THE PRESENCE OF 2-KETO-3-DEOXYGLUCONIC ACID AND OXOALDEHYDE DEHYDROGENASE-ACTIVITY IN HUMAN ERYTHROCYTES

2-Keto-3-deoxygluconic acid (3-DGA) is produced from 3-deoxyglucosone (3-DG: a highly reactive glycation intermediate) through oxidation by the enzyme oxoaldehyde dehydrogenase (OAD) in animals. We developed a specific assay method for 3-DGA using high performance liquid chromatography [Fujii, E. et al. (1994) J. Chromatogr. B 660, 265-270] and measured it in the hemolysate and plasma of diabetic patients and healthy subjects. Both human erythrocytes and plasma contained considerable amounts of 3-DGA. However, human erythrocyte contained about 30-50 times higher 3-DGA than human plasma did and also had the same ability to convert 3-DG to 3-DGA as OAD had. Erythrocyte 3-DGA levels of diabetic patients were 990+/-370 nmol/gHb (n=57, Mean+/-SD) and were significantly higher compared with healthy subjects (527+/-194 nmol/gHb, n=7, p<0.01).
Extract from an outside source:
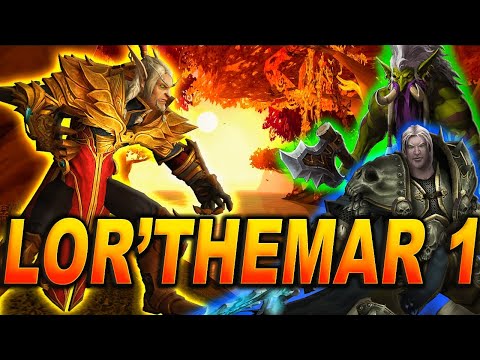 Die Geschichte von Lor'themar Theron – Teil 1 von 3 [Lore]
In all diabetic patients and healthy subjects (n=64), there was only one patient who had a very low level of erythrocyte 3-DGA and lacked the ability to convert 3-DG to 3-DGA. When erythrocytes were incubated at 37 degrees C for 8 hours in phosphate buffer containing 0.35 mM 3-DG, 3-DG was easily taken into the erythrocytes and was converted to 3-DGA. Our results suggest the contribution of OAD not only to the prevention of glycation of hemoglobin but also to that of blood vessels by scavenging plasma 3-DG into erythrocytes. (C) 1995 Academic Press, Inc.